Well, not quite the first notes. The opening bars of the B flat Trio were a mess, with ensemble, balance and rhythm all over the place. And here and throughout the concert, Daniel Hope’s intonation was sometimes suspect. But his wonderfully old-fashioned swooping and swooning was superb, and both the cello and piano glowed. The second subject was slower and there was variable – but never less than generous – vibrato from both string players. At the top of the first half of the theme, there was a pause, which brought a smile of contentment to the lips. Throughout the movement there were numerous small tempo changes and exquisite use of rubato and touch from Pressler.

Of the slow movement little can be said – other than it was heart rending. From Antonio Meneses’s beautiful legato phrasing, replete with portamento, at ppp, of the first theme, to the exquisite dying fall of the final bars. I have never heard a finer performance. The scherzo was light and elegant and the musicians mostly played pp. Every bar and phrase seemed improvisatory, the emotional core deliberately elusive.

In the finale the opening tempo was steady and the second subject expanded beautifully. Once again there were numerous, entirely natural, tempo changes, huge dynamic contrasts and a way of holding on to the last notes of a phrase, as though the players didn’t want to say goodbye. But never once did they descend into sentimentality. Everything seemed entirely true and organic.

After the interval came the heavenly length of the E Flat Trio – and what a performance it received. In the first movement the string pizzicatos were dynamically varied, there were swells of tone from the strings and very assertive runs from the piano.

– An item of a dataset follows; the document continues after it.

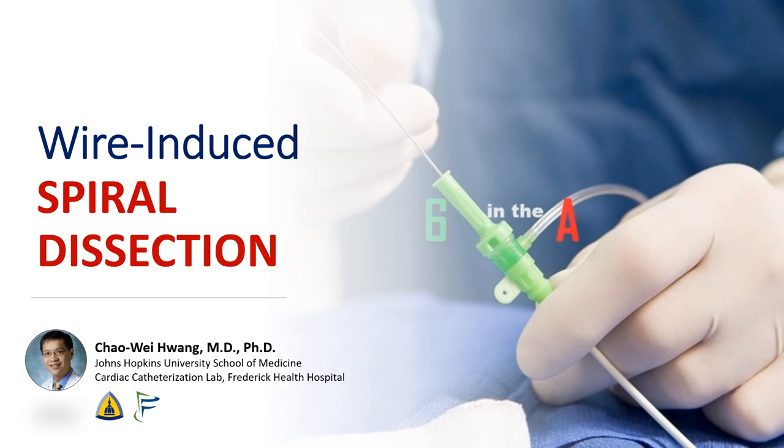I'm Chao Wei Huang from the Johns Hopkins University School of Medicine and the Frederick Health Hospital. Today we're going to talk about a case of a wire-induced spiral dissection that caused acute shutdown of the RCA. We'll discuss the parallel wire technique, angiographic signs of a wire dissection, and go over pointers for stenting in dissected vessels.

Everywhere there was a sense of conversation and, as in the B flat, the tempo-changes were beautifully integrated into the structure. The speeds were never fast, but a sense of tension was ever-present and the climax before the codetta was massive. In the slow movement, Pressler started at a brisk tempo and then had to slow down as his partners took up and varied the theme, to which both brought their own phrasing and use of vibrato. Hope’s pizzicatos were exquisitely ethereal and contrasted with the huge power of the forte outbursts.

As in the B flat, the scherzo was enigmatic, the trio liquidly phrased. The whole movement breathed through a dazzling display of micro-dynamic variation. Schubert’s finale is wonderfully long and discursive. The composer endlessly transforms his two themes and almost seems reluctant to let them go. Much the same could be said of this performance. The opening was sprung and there was a sense of power in reserve. There were myriad changes of mood, suggested by shifting tonal colours, rhythm, touch, portamento, rubato and vibrato. After the first re-appearance of the slow movement march, the cello has a hypnotic pizzicato passage. Here Meneses rocked gently from side to side and Pressler’s tone became more crystalline. Like the composer, the performers didn’t seem to want to let go of the music, despite the power of the extended coda.

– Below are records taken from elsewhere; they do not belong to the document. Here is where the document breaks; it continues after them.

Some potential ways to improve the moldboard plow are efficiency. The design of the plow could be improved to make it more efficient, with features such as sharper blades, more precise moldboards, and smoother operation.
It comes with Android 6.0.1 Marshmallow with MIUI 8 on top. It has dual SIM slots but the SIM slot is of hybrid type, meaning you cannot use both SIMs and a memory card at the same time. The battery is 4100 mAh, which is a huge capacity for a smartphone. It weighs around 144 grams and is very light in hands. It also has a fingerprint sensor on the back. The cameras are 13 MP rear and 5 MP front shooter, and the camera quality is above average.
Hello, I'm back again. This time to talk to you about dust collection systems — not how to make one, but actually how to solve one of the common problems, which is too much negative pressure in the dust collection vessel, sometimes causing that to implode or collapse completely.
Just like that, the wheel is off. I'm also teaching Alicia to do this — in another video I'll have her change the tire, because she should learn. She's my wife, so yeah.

At the end the audience erupted to a standing ovation. In the case of both works I have never heard them done better. Indeed they will live in my memory, as an ideal. There were two encores. An account of the scherzo from Mendelssohn’s D minor Trio that fizzed with life, and a Beaux Arts speciality, the fourth movement from Dvořák’s ‘Dumky’ Trio, whose clock-like beat gradually dies away to nothing. An exquisitely beautiful, emotional and entirely fitting end to an era.

I am sure that all Classical Source’s readers will want to join me in wishing Menahem Pressler a long and fruitful retirement and to thank him and his colleagues – both present and past – for their enormous contribution to music-making and the art of interpretation over the last 50 years. For those who were not privileged to be present, BBC Radio 3 will broadcast the concert on 4 December. This was a life-affirming masterclass in the art of interpretation.